(Exercise data)
━━━━━━━━━━━━━━━━━━━━

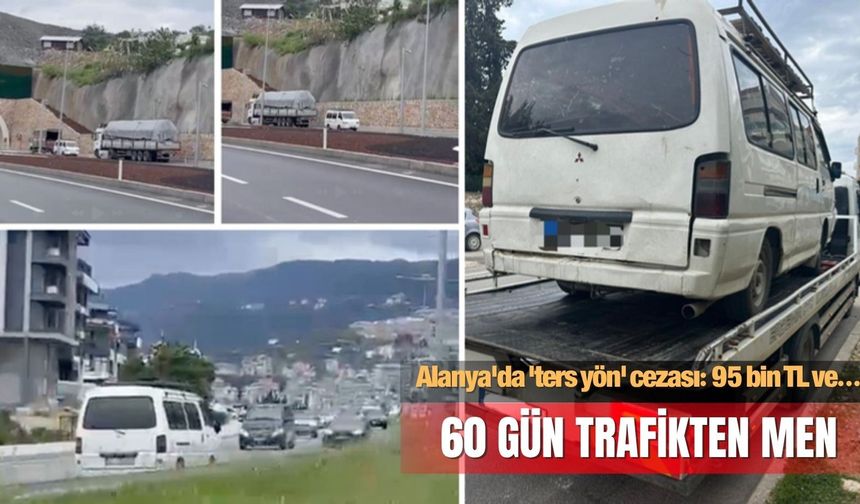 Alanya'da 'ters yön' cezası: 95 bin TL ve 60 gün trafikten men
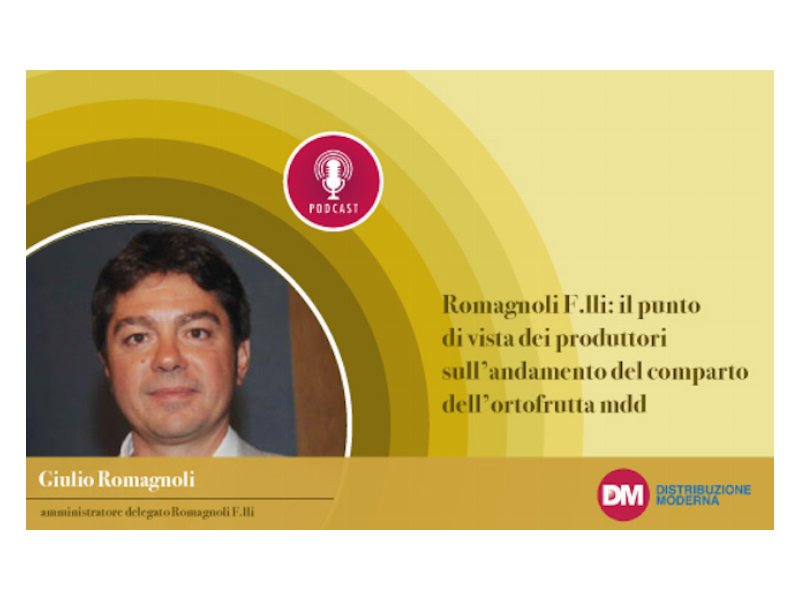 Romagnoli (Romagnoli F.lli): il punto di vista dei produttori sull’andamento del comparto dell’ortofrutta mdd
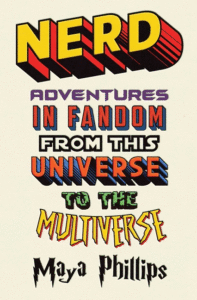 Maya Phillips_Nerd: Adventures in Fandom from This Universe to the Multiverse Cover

━━━━━━━━━━━━━━━━━━━━

(Brief) With images omitted, output the data exactly as given.

(Answer section)
 Alanya'da 'ters yön' cezası: 95 bin TL ve 60 gün trafikten men
 Romagnoli (Romagnoli F.lli): il punto di vista dei produttori sull’andamento del comparto dell’ortofrutta mdd
 Maya Phillips_Nerd: Adventures in Fandom from This Universe to the Multiverse Cover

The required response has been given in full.